Ma, allora, è una proposta slegata da una vera riforma istituzionale e costituzionale, deprime la rappresentanza dei territori più piccoli, avvantaggia i ricchi, non produce benefici in termini di efficienza nei lavori parlamentari, non migliora il rapporto elettori/eletti che è già buono, quale scopo intendono raggiungere?
Credo che la proposta sia semplicemente “un’arma di distrazione di massa”.
Riportare in auge la riduzione dei parlamentari in vista della prossima campagna elettorale per le elezioni europee, per distrarre gli italiani dai vostri miseri risultati economici, dalle reali portate di provvedimenti quali quota 100 e reddito di cittadinanza, dalla contrarietà agli investimenti infrastrutturali e dalle difficoltà che non riescono più a sostenere, è solo l’occasione migliore per cercare apprezzamento trasversale tra gli elettori.

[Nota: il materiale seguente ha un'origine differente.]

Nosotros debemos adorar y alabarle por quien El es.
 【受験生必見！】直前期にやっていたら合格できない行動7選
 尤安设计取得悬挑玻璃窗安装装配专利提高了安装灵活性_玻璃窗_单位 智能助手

E’ il solito argomento buono per tutte le stagioni. Lo è stato ieri e lo sarà domani, ma è solo la fetta di prosciutto che mettono sugli occhi dell’Italia. Nulla di più.
Chi pensa che il problema oggi sia quello di fare queste riformicchie sbaglia. Il tema centrale è: quale democrazia vogliamo per il futuro dell’Italia ed in che modo vogliamo che questa democrazia garantisca la governabilità! E questa sarà tanto più veloce ed efficiente quanto più e prima si supererà il bicameralismo perfetto, ma mantenendo saldamente i pilastri della democrazia rappresentativa.
La loro idea di toccare solo il numero dei parlamentari, viene in quel contesto, adesso è un’idea solitaria e non inserita nel complesso quadro delle riforme da fare. E questa corsa in solitaria mi fa ritenere che lo scopo sia un altro: demolire la democrazia rappresentativa e la massima espressione di questa, il Parlamento, il massimo luogo della rappresentanza del popolo italiano.
La crisi della rappresentanza, peraltro, coinvolge ampi settori della società italiana e sarebbe stato utile avviare un dibattito nazionale che comprendesse tutti questi aspetti.
Come scrivevo prima, tante altre volte sono stati avviati percorsi di riforma, mai di un pezzo e, pertanto, sono convinto che se si vuole andare avanti, sarebbe molto più efficace farla insieme alla trasformazione del sistema costituzionale vigente.
Certo, c’è stato un referendum, ma nulla toglie che l’argomento possa essere ripreso in un quadro più ampio di condivisione e con le modifiche che servono, anche perché è giusto tenere conto di quel voto.
Fuori dal tempo, abbiamo ancora due Camere che hanno gli stessi poteri con due sistemi elettorali diversi e due corpi elettorali diversi. La società è cambiata. Prima i risultati nelle due camere erano molto simili pur non essendo del tutto identici. Da alcuni anni non è più così.
L’offerta politica è diventata fluida e significativamente diversa nelle due Camere. In questo contesto l’uso di regole di voto maggioritarie tende ad amplificare ancora di più piccole differenze di voti facendole diventare grandi differenze di seggi.
E con ciò aumenta il rischio di un Parlamento con maggioranze risicate al Senato.
Anzi, date le condizioni politiche attuali, nessuna riduzione del numero dei parlamentari ci salva dal rischio che nuove elezioni non ci facciano ritrovare al punto in cui siamo stati nella precedente legislatura ed anche in questa. E qui si ripropone il tema della democrazia che decide più velocemente.
E’ inutile suscitare illusorie aspettative di governabilità con proposte come questa. La riduzione del numero dei parlamentari e la semplificazione del processo legislativo hanno un senso solo con una riforma di sistema che comprenda il superamento del bicameralismo perfetto.
Ogni altra strada è una inutile perdita di tempo.